Recovering the national economy may be as simple as ensuring bipartisan collaboration.

Timothy Massad, assistant secretary for financial stability for the U.S. Department of the Treasury, spoke on Monday to an audience of 200 in the Geneen Auditorium at the Fuqua School of Business about the importance of political parties coming together to reach viable solutions to economic problems. In a speech entitled “Lessons Learned: A Retrospective of the 2008 Financial Crisis,” Massad discussed lessons from the 2008 crisis that can help the U.S. recover from its current financial situation.

“It is important to remember that we can come together, we have come together before and we need to do it again to address extraordinary challenges,” he said.

Understanding that it must be difficult for younger generations to fully comprehend the severity of the financial situation during former President George W. Bush’s time in office, Massad explained to the audience the country’s past economic situation.

“It’s hard to imagine a financial system as something that could collapse but think of it as a power cord,” he explained. “There are lines connecting cities and states much like our transmission lines. [In the economy] credit and financial services flow through those lines and that’s where the power comes from. When the system becomes overburdened in one place it will crash leading to failure in other parts and that’s what the fall of 2008 was.”

In 2008, the financial system was on the brink of collapse due to underlying forces that built up over many year and the government placing Fannie Mae and Freddie Mac into conservatorship, Massad said. Then the collapse of Lehman Brothers caused the stock market to plummet and additional pressure to be put on money market bonds.

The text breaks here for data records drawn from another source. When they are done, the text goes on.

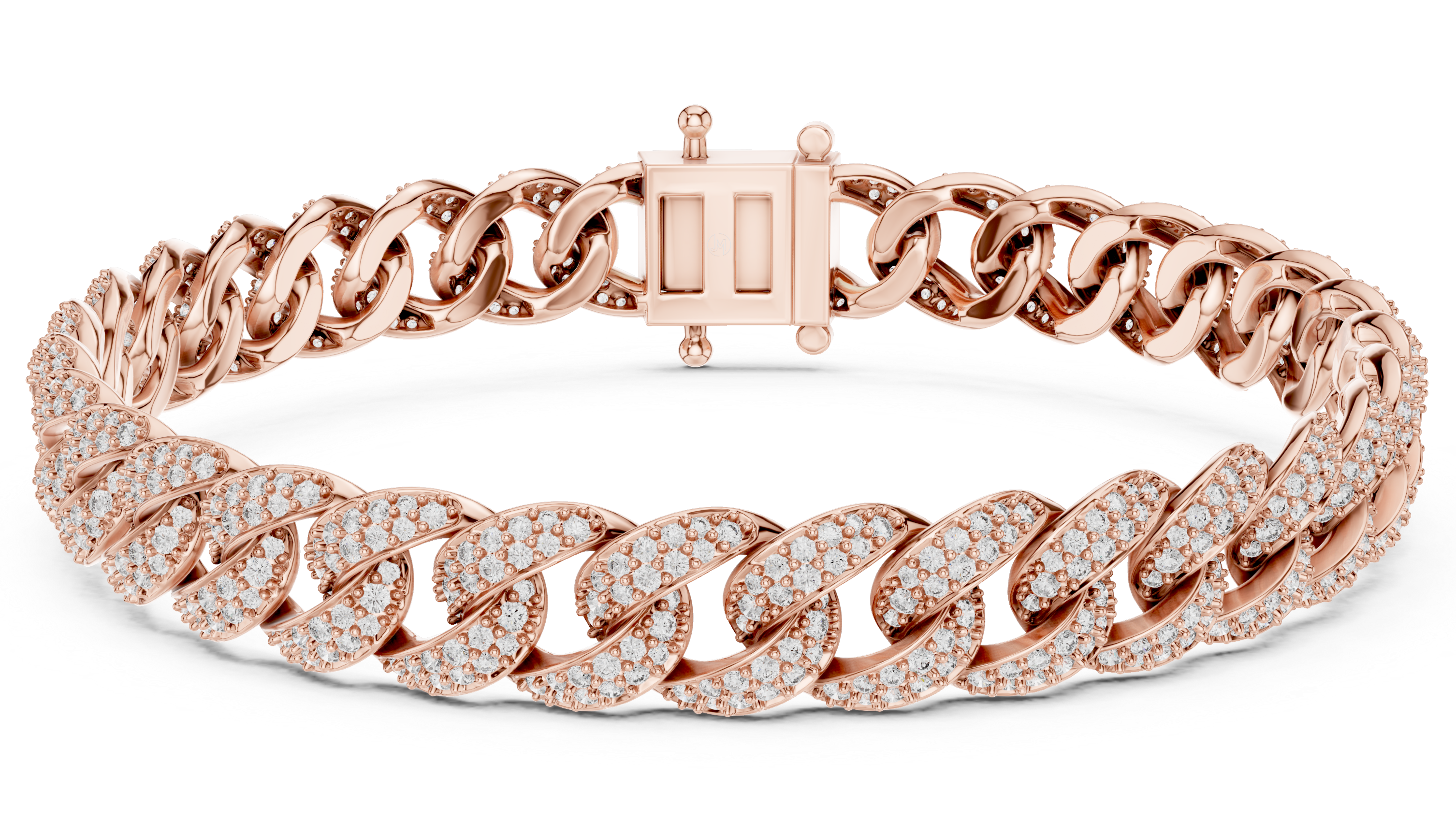 Gold and Diamond Cuban Link Bracelet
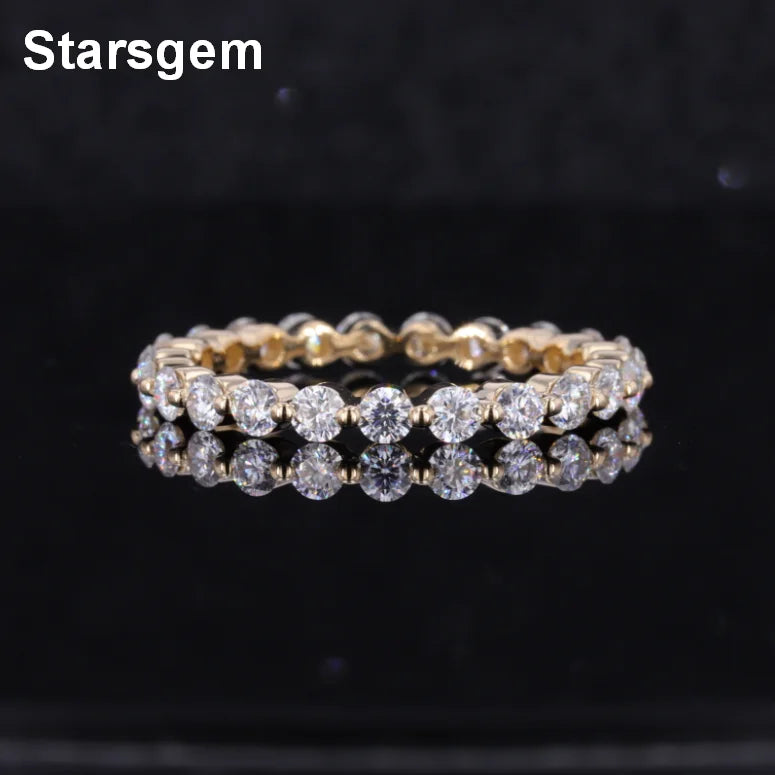 Starsgem Hot Selling Trendy Real 9K Gold Synthetic Diamond Simple Wedding  Rings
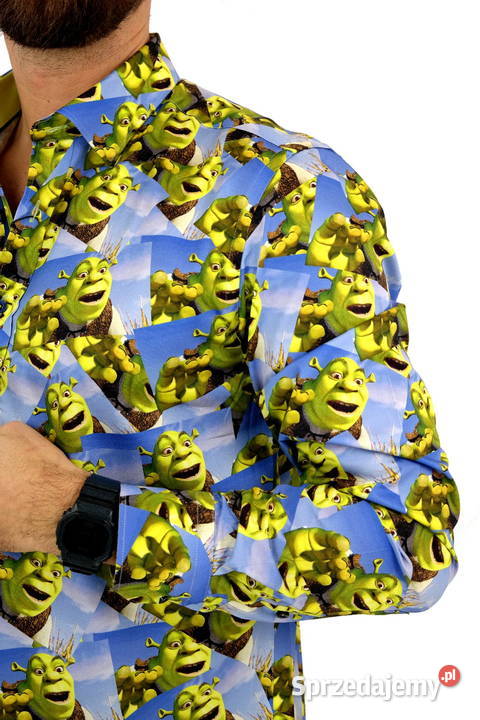 DANIEL BESSI Koszula Męska Fb090 Bajka SHREK Ostrów Wielkopolski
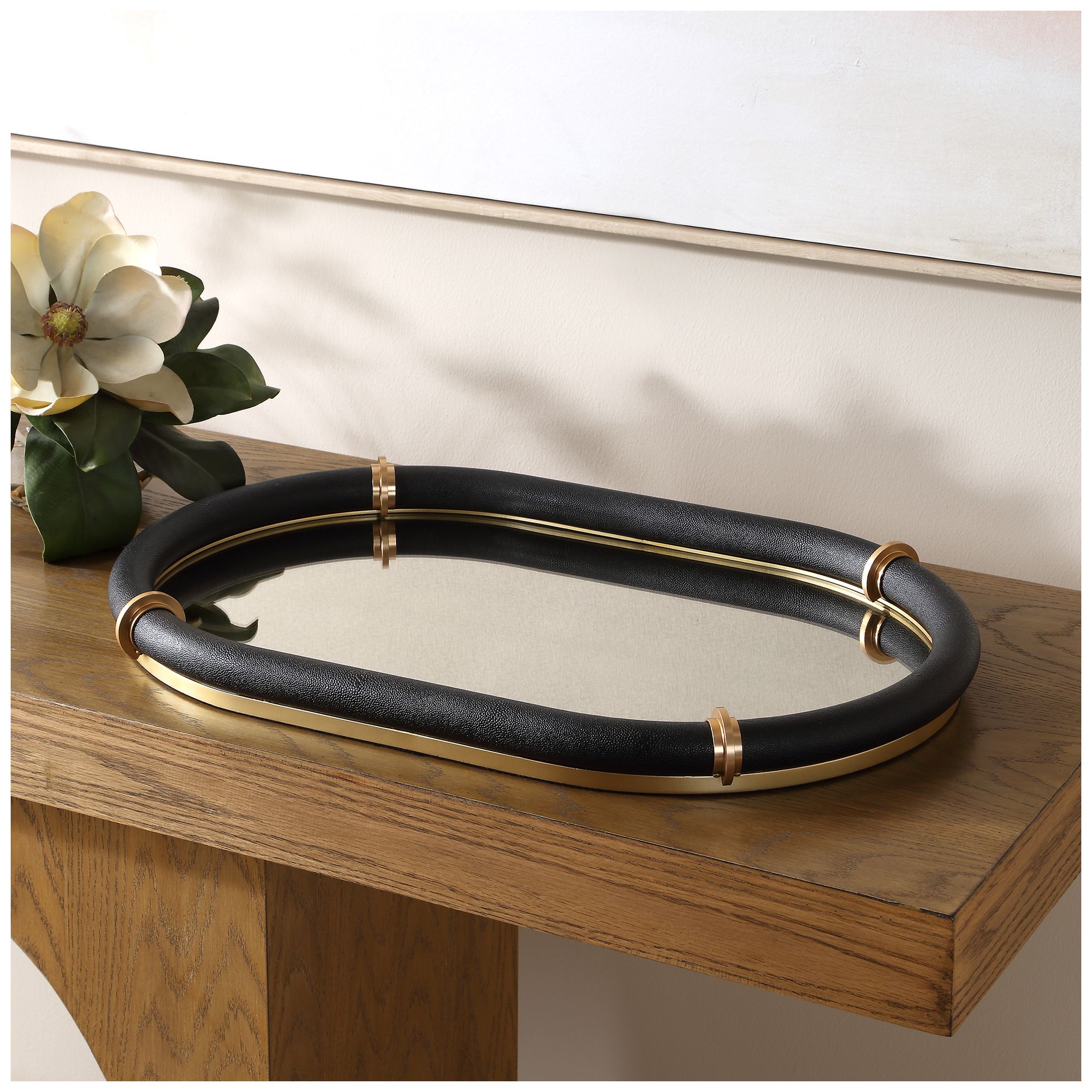 Image 3 Uttermost Cyprus Black with Brass Oval Tray more views
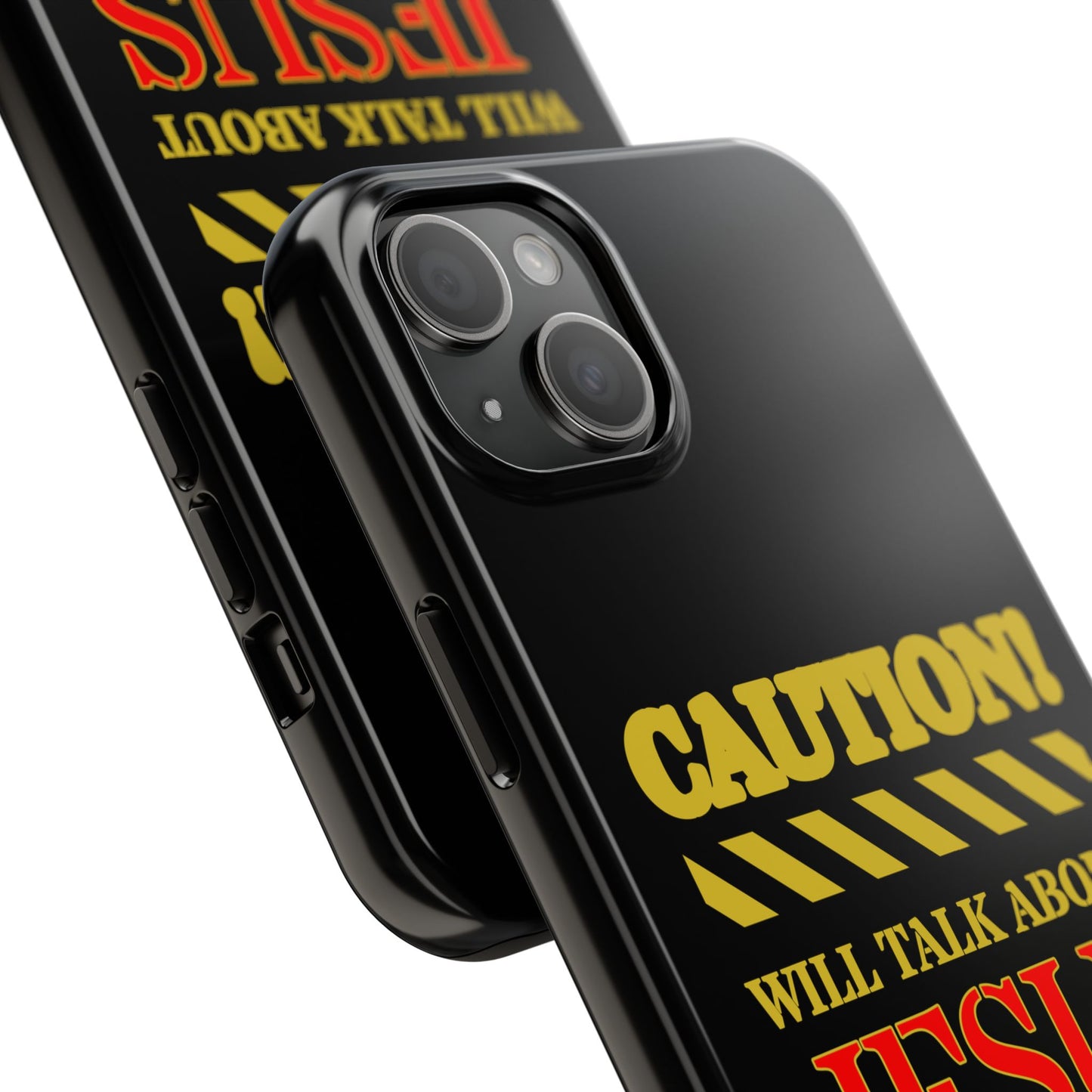 Caution Will Talk About Jesus for Hours iPhone compatible black Phone Case | Christian Phone Case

Massad stressed that without strong government intervention, the country would have experienced its second Great Depression.

“If the government had not acted in the fall of 2008, the nation would have plunged into a depression with 16 percent unemployment,” he said.

Massad is also the leader of the Troubled Asset Relief Program, a program implemented by the Bush administration to strengthen the financial sector. Recognizing the third anniversary of the TARP program, Massad credited TARP’s actions to avoiding a complete collapse of the financial system.

“The government demonstrated unequivocal and clear commitment, through TARP we did that,” he said. “The financial system today is much stronger as a result, and the weakest part of the financial system no longer exist. Capital is higher, leverage lower, more credit is available.”

Despite the public losing confidence in the government during the downturn in 2008, Massad said he was optimistic about the future of the economy noting that reopened markets as well as lower borrowing costs are signs of the government moving in the right direction towards economic growth. Although today’s political atmosphere is very tense, Massad added that for the most part, both parties are under the agreement that compromises must be made for the greater good of the country.

Jonathan Nester, a bank analyst working in Durham, said he enjoyed Massad’s insider’s perspective into the government’s response to the crisis in 2008.

“It was nice to hear someone who is qualified to speak on the topic and who has been involved and has in depth experience,” Nester said.

Senior Will Eastman said that Massad provided a good reminder to the Duke student body that it wasn’t just the Obama Administration and the Democratic party that helped pull the country out of the brink of collapse.

“I think people often forget the facts,” Eastman said. “They often attribute TARP to the Obama Administration, but Massad was good at explaining that it was in fact started by the Bush Administration and was a bipartisan effort.”